In relative standard deviations below 20%, the 70–120% recoveries do not necessarily have to be reached according to SANTE document. For Imazalil, for example, a recovery of 44% at a relative standard deviation of 6% was determined after the threefold determination. If this substance is validated at various concentrations and the 44% are thereby recovered dependably, it is SANTE-conform.

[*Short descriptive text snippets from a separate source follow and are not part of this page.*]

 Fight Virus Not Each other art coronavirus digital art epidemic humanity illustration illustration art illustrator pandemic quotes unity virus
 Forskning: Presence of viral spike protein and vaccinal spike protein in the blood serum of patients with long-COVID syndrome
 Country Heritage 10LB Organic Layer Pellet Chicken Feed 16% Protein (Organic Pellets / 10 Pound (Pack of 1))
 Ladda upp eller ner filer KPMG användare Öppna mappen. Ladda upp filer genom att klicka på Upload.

Those analytes, which could not be verified via LLE, could also not be captured via the Hildmann et al. method. This concerns nicotine, which needs alkalized processing and the LC-amenable substances, the pyridincarbon acids, aminopyralid, and clopyralid. Whereas clopyralid is lost explicitly in the extraction step, aminopyralid losses (50%) which occur by means of GPC and SPE in addition to the extraction losses.The validation data are shown in Table S1 (see Electronic Supplementary Material, ESM).

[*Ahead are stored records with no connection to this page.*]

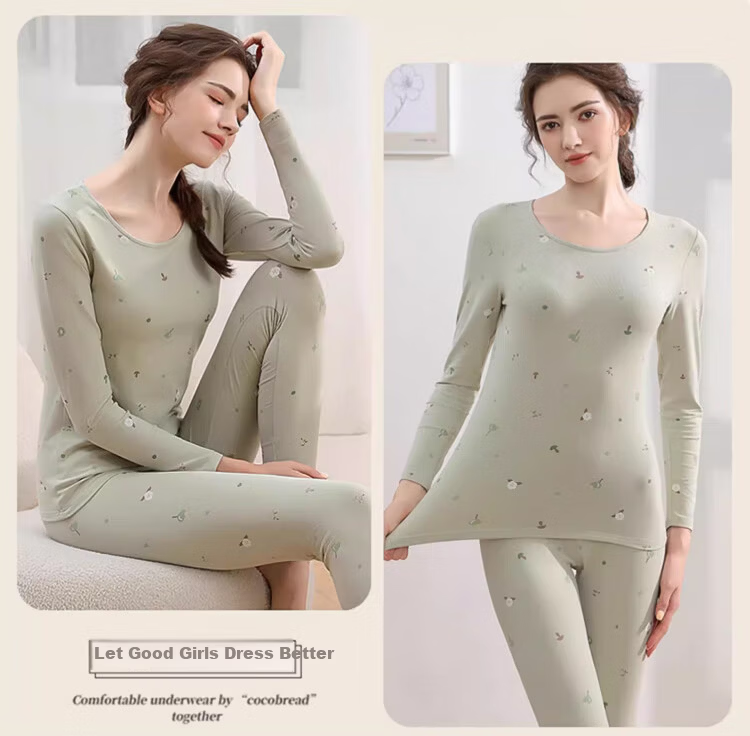 LangSha Youth Cotton Thermal Underwear Set for Girls 10A Antibacterial Thin Warm Cotton Top and Bottom Pajamas Student Teenager 16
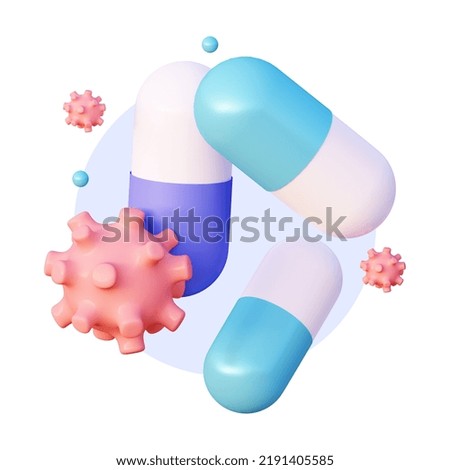 3d icon Pills with flying viruses and microbes. The concept of medicament treatment of various diseases. 3d rendering 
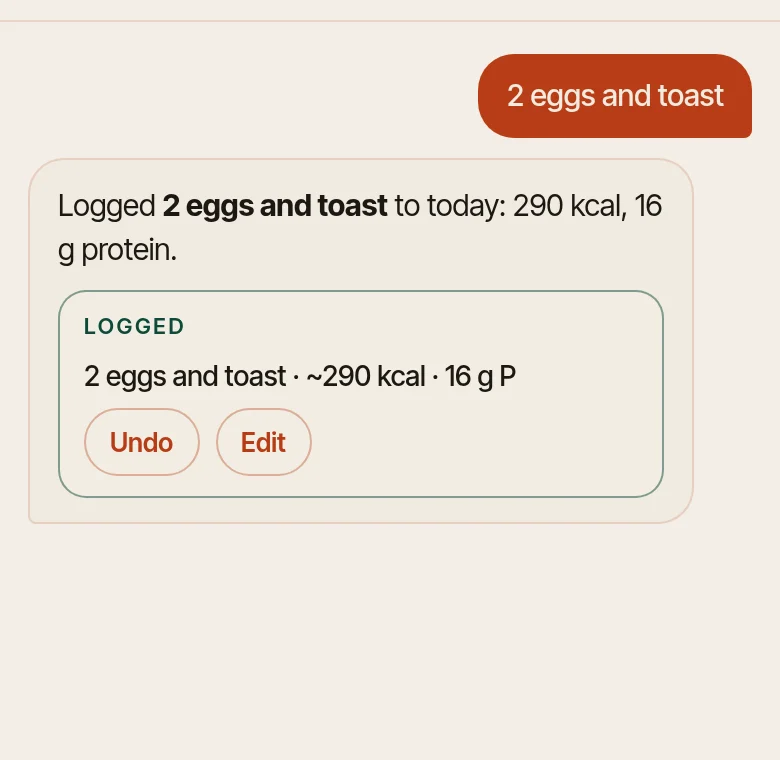 Typed 2 eggs and toast, and Balancr logs it: about 290 kcal and 16 g protein, with Undo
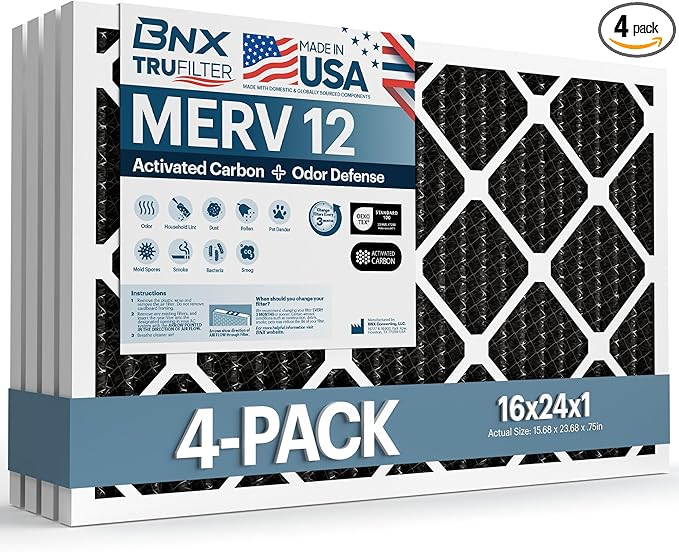 BNX TruFilter 16x24x1 MERV 12 Odor Defense (4-Pack) AC Furnace Air Filter with Activated Carbon - MADE IN USA - Pleated Air Conditioner HVAC AC Furnace Filters - Removes Odor, Mold, Bacteria, Smoke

Time consumption MSPD versus LLE (IKA)

In comparison to the MSPD, using the modified method saves a considerable amount of time. If processing is begun in the early afternoon, the completed GPC eluates of eight samples are available the next morning. After solvent exchange and SPE, the measuring solutions can be measured via GC-MS/MS or rather LC-MS/MS so that first results are obtained within 24 h. For eight samples, adding the solvent and the buffer requires 10 min, the extraction takes 20 min, adding salt and shaking is carried out in 24 min, and the centrifugation takes 20 min. Overall, for the extraction step for eight samples by means of the modified method, 1 h and 15 min must be calculated. The original method according to Hildmann et al., on the other hand, takes 45–60 min per sample alone for crushing the sample in the mortar, packing the MSPD column, and the extraction, thus 6–8 h for eight samples. Furthermore, the extract must be concentrated before the GPC cleanup step. For the modified method, this amounts to a time-saving of at least 6 h.

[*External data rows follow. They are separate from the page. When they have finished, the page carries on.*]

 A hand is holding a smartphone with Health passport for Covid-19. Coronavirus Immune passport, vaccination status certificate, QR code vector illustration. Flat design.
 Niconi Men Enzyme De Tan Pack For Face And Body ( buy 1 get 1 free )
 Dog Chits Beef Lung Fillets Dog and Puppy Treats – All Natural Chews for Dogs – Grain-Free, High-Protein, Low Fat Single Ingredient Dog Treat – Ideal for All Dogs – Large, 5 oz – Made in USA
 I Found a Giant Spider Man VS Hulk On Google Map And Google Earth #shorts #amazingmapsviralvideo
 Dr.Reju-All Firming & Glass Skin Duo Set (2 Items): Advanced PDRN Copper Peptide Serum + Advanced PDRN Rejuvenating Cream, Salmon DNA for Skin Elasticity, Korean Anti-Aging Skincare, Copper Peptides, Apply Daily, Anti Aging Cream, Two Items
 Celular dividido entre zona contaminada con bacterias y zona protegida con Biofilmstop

Using the tube drive system for the matrix milk

Based on the “homogeneity” of the whole milk matrix, it is thinkable not to extract the sample with the IKA tube drive but to fill the milk directly into a centrifuge tube and to shake it after adding the solvent and the QuEChERS-salts. Afterwards, the milk samples could then be centrifuged at 4000 rpm for 5 min and the supernatant, which has formed, processed according to Hildmann et al. [10]. In the gravimetric fat determination following the shaking extraction, however, a noticeably lower fat content was established (2.2%) than after the IKA tube drive extraction (5.4%). According to the nutritional value table (Souci-Fachmann-Kraut [13]), a fat content of at least 4.3% is expected for raw milk; the residual peak contents in VO (EG) No. 396/2005 for milk are based on 4.0%; consequently, the value obtained after shaking is too low. Using the IKA system, the emulsion of the milk is so “destroyed,” presumably due to the impact of shear forces that the fat can enter into the organic phase more easily.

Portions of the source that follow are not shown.